A government spokesperson claimed in a statement that “preparations for flu… prevented the NHS from being overwhelmed”. That’s despite widespread reports of the NHS being overwhelmed during the first wave of the pandemic as well as more recently.
The spokesperson added:
We have always said there are lessons to be learned from the pandemic and have committed to a full public inquiry in spring.
We prepare for a range of scenarios and while there were extensive arrangements in place, this is an unprecedented pandemic that has challenged health systems around the world.

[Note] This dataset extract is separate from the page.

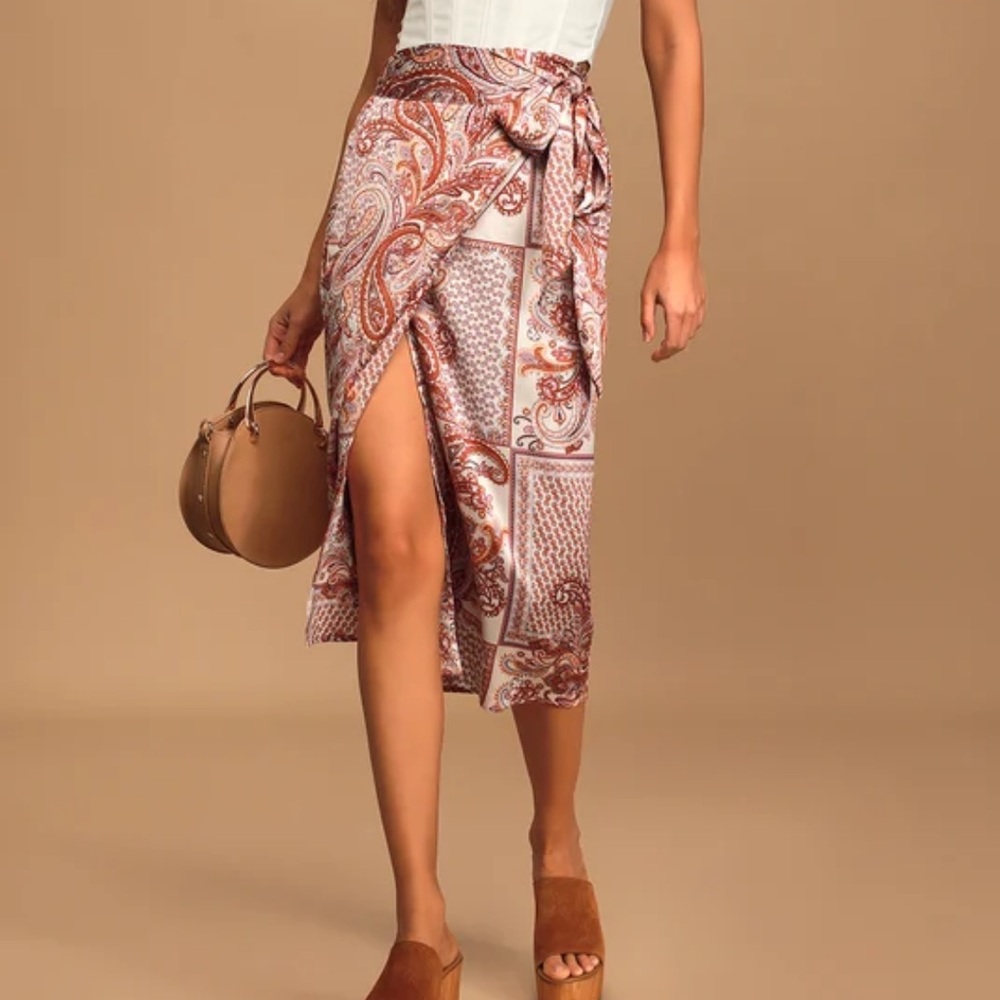Paisley Print Satin Wrap Midi Skirt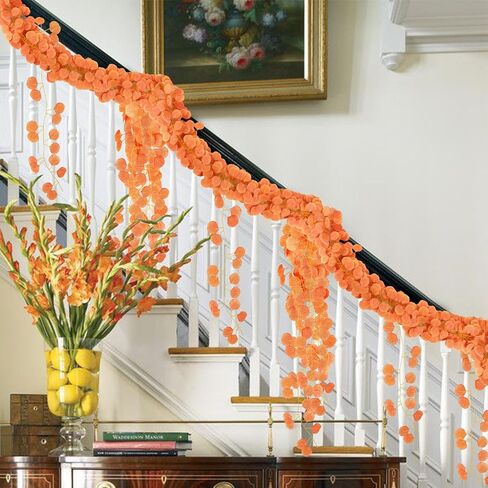 15 Pack Fall Leaf Garland,Hanging Fake Orange Vines Artificial Eucalyptus Leaves Table Wreath for Wedding Party Fireplaces Bedrooms Room Walls Farmhouses Kitchen Cabinet Decorations in Saudi Arabia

Thanks to our collective national effort and our preparations for flu, we have saved lives [and] vaccinated tens of millions of people
‘They failed the public’
Fleur Anderson, Labour’s shadow cabinet office minister, said the report showed that:
Conservative ministers failed to prepare and they failed the public.
Gareth Davies, the head of the NAO, said:
This pandemic has exposed the UK’s vulnerability to whole-system emergencies, where the emergency is so broad that it engages all levels of government and society. Although Government had plans for a flu pandemic, it was not prepared for a pandemic like Covid-19 and did not learn important lessons from the simulation exercises it carried out.
For whole-system risks, government needs to define the amount and type of risk that it is willing to take to make informed decisions and prepare appropriately.